Additional Resources

• [1] Khan Academy: "Transforming Parent Functions"
• [2] Mathway: "Graphing Functions"

FAQs

• Q: What is the parent function $f(x)=\sqrt[3]{x-1}$?
• A: The parent function $f(x)=\sqrt[3]{x-1}$ is a cube root function with a horizontal shift of 1 unit to the right.
• Q: What is the function $g(x)=\sqrt[3]{-x-1}$?
• A: The function $g(x)=\sqrt[3]{-x-1}$ is obtained by reflecting the function $f(x)$ across the y-axis and shifting it 1 unit to the left.
• Q: Which graph correctly shows the functions $f(x)$ and $g(x)$?
• A: Graph B correctly shows the functions $f(x)$ and $g(x)$.
  Q&A: Transforming Parent Functions =====================================

Introduction

In our previous article, we explored the transformation of the parent function $f(x)=\sqrt[3]{x-1}$ to $g(x)=\sqrt[3]{-x-1}$. We analyzed the graphical representation of both functions and determined which graph correctly shows the functions $f(x)$ and $g(x)$. In this article, we will answer some frequently asked questions (FAQs) related to transforming parent functions.

Q&A

Q: What is the parent function $f(x)=\sqrt[3]{x-1}$?

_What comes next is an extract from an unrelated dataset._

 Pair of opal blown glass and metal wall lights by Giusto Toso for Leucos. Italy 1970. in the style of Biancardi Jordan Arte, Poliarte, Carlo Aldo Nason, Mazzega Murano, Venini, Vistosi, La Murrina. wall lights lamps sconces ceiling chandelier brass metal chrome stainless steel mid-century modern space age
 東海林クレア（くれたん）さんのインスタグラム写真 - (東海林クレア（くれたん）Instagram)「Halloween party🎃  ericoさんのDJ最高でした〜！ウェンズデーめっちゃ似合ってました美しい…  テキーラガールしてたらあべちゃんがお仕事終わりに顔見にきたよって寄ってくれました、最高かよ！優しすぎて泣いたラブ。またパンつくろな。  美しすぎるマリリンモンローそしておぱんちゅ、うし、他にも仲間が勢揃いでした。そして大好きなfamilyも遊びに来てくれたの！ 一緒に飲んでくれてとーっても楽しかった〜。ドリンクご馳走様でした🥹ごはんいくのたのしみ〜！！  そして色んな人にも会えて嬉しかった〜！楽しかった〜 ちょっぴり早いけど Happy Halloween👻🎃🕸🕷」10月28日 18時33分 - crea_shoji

A: The parent function $f(x)=\sqrt[3]{x-1}$ is a cube root function with a horizontal shift of 1 unit to the right.

Q: What is the function $g(x)=\sqrt[3]{-x-1}$?

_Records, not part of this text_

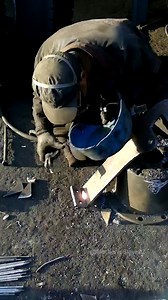 3.7M views · 10K reactions | Mercedes-Benz V3 semi-trailer pulling overload The pull-down plate is reinforced in advance under the balance beam to ensure the stability and durability of the vehicle #auto #oldschool #diy #automechanic #mechanicsteve #automotive #autos. | Mechanic Steve | Facebook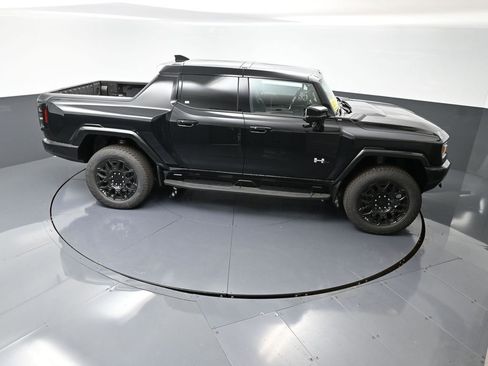 New 2025 GMC Hummer EV 2X w/ LPO, Sport Package image 38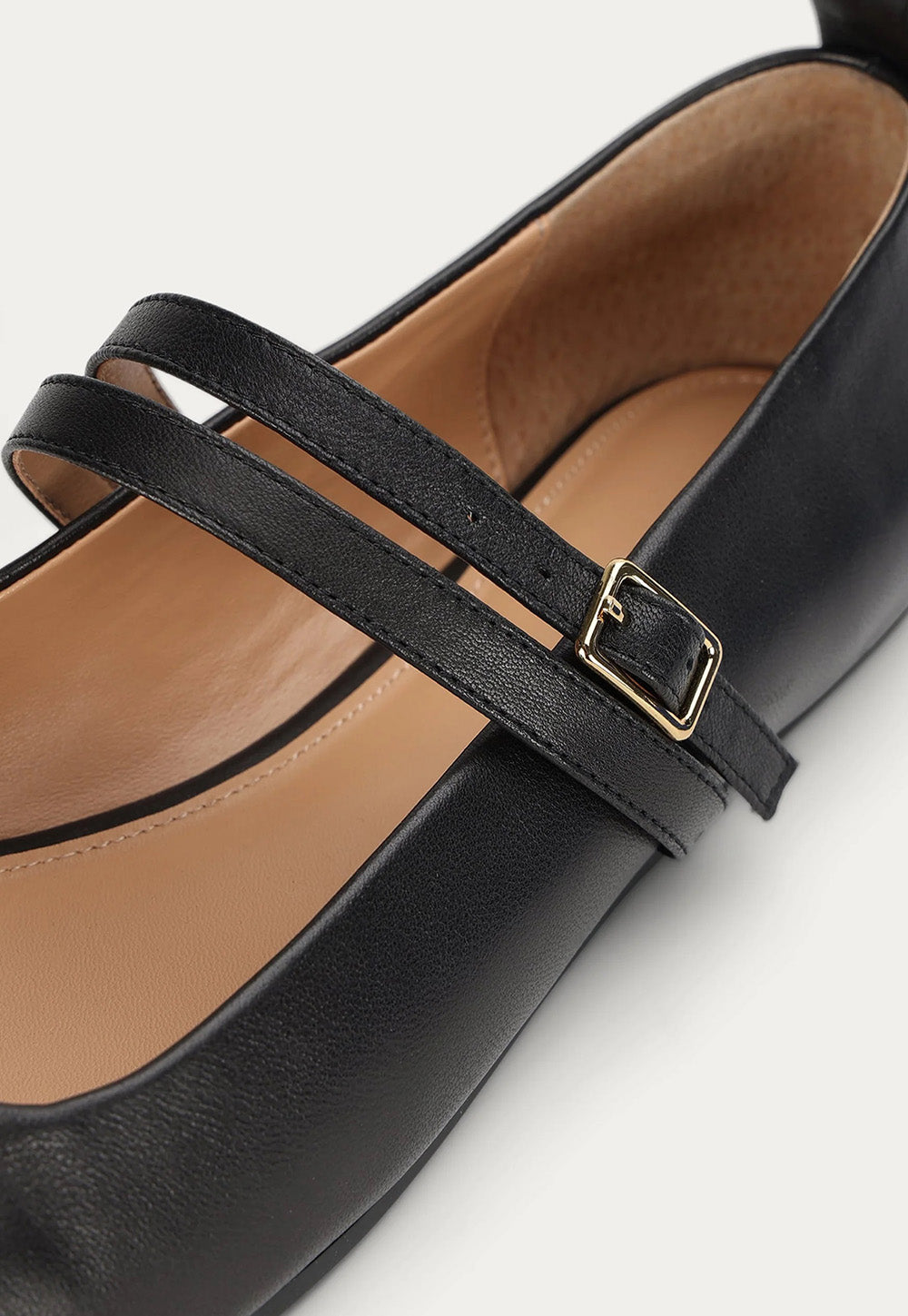 Diomedes Flat - Black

A: The function $g(x)=\sqrt[3]{-x-1}$ is obtained by reflecting the function $f(x)$ across the y-axis and shifting it 1 unit to the left.

Q: Which graph correctly shows the functions $f(x)$ and $g(x)$?

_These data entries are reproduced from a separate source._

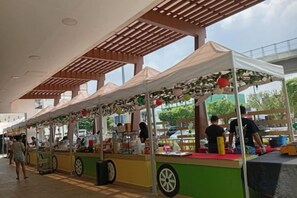 صورة غير مصنفة، 3 من 6، زرّ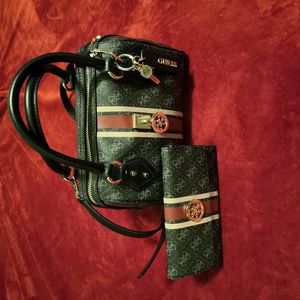 Guess Barrel Bag With Matching Wallet!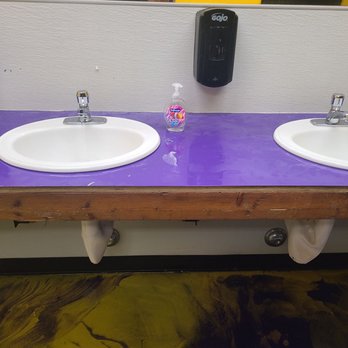 Get Air - Filthy counter tops with a tiny bit of soap left - Trampoline Parks Near Me - Pomona, California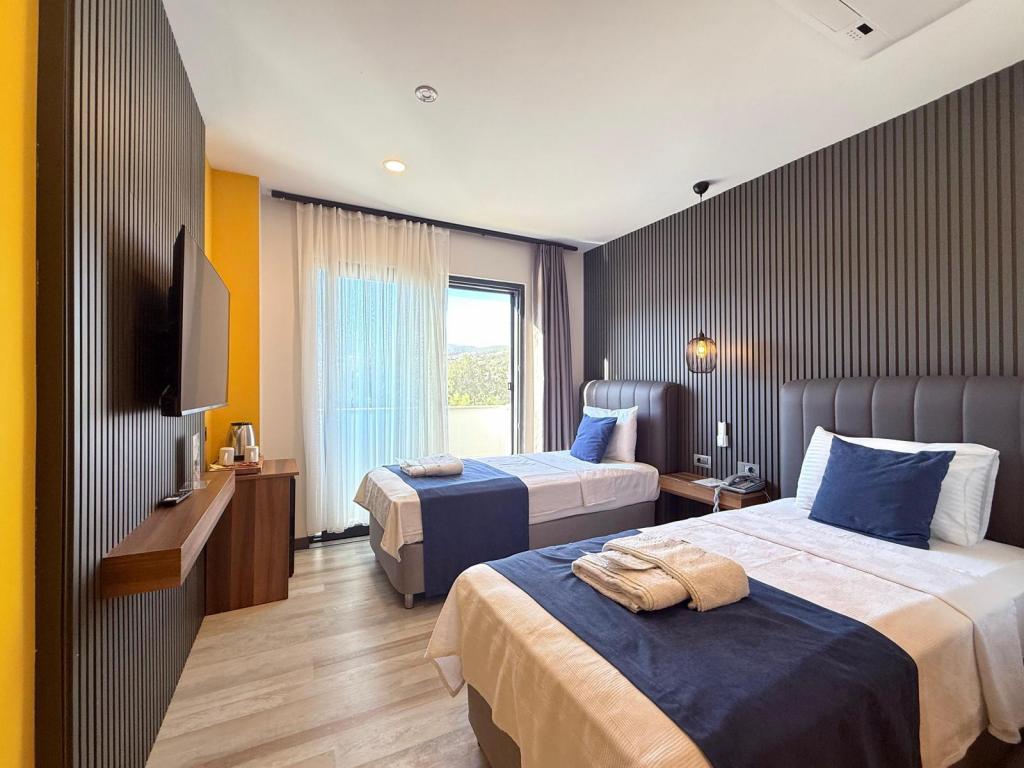 2+1 Daire, Cadde Yada Bahçe Manzaralı (Balkonlu)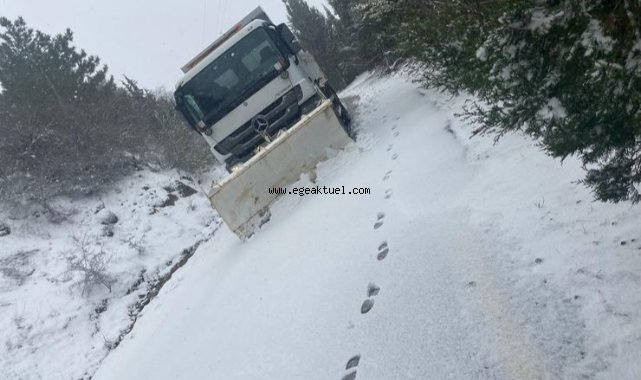 Yılın ilk kar yağışında kapanan yollar açılıyor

A: Graph B correctly shows the functions $f(x)$ and $g(x)$.

Q: What is the difference between the parent function $f(x)$ and the function $g(x)$?

A: The parent function $f(x)$ is a cube root function with a horizontal shift of 1 unit to the right, while the function $g(x)$ is obtained by reflecting the function $f(x)$ across the y-axis and shifting it 1 unit to the left.

Q: How do you transform a parent function to a new function?

A: To transform a parent function to a new function, you can apply various transformations such as horizontal shifts, vertical shifts, and reflections.

Q: What is the importance of understanding parent functions and their transformations?

A: Understanding parent functions and their transformations is crucial in graphing and analyzing functions. It helps you to identify the characteristics of a function and make predictions about its behavior.

Q: Can you provide examples of other parent functions and their transformations?

A: Yes, here are a few examples:

• The parent function $f(x)=x^2$ can be transformed to $g(x)=-(x-2)^2$ by reflecting the function $f(x)$ across the x-axis and shifting it 2 units to the right.
• The parent function $f(x)=\sin(x)$ can be transformed to $g(x)=\sin(x+\pi)$ by shifting the function $f(x)$ $\pi$ units to the left.

Conclusion

Transforming parent functions is an essential concept in mathematics. Understanding the characteristics of parent functions and their transformations helps you to analyze and graph functions more effectively. In this article, we answered some frequently asked questions related to transforming parent functions. We hope that this article has provided you with a better understanding of this concept.

Additional Resources

• [1] Khan Academy: "Transforming Parent Functions"
• [2] Mathway: "Graphing Functions"
• [3] Wolfram Alpha: "Parent Functions and Transformations"

References

• [1] "Transforming Parent Functions" by [Author's Name]
• [2] "Graphing Functions" by [Author's Name]

FAQs

• Q: What is the parent function $f(x)=\sqrt[3]{x-1}$?
• A: The parent function $f(x)=\sqrt[3]{x-1}$ is a cube root function with a horizontal shift of 1 unit to the right.
• Q: What is the function $g(x)=\sqrt[3]{-x-1}$?
• A: The function $g(x)=\sqrt[3]{-x-1}$ is obtained by reflecting the function $f(x)$ across the y-axis and shifting it 1 unit to the left.
• Q: Which graph correctly shows the functions $f(x)$ and $g(x)$?
• A: Graph B correctly shows the functions $f(x)$ and $g(x)$.

Key Takeaways

• The parent function $f(x)=\sqrt[3]{x-1}$ is a cube root function with a horizontal shift of 1 unit to the right.
• The function $g(x)=\sqrt[3]{-x-1}$ is obtained by reflecting the function $f(x)$ across the y-axis and shifting it 1 unit to the left.
• Graph B correctly shows the functions $f(x)$ and $g(x)$.
• Understanding parent functions and their transformations is crucial in graphing and analyzing functions.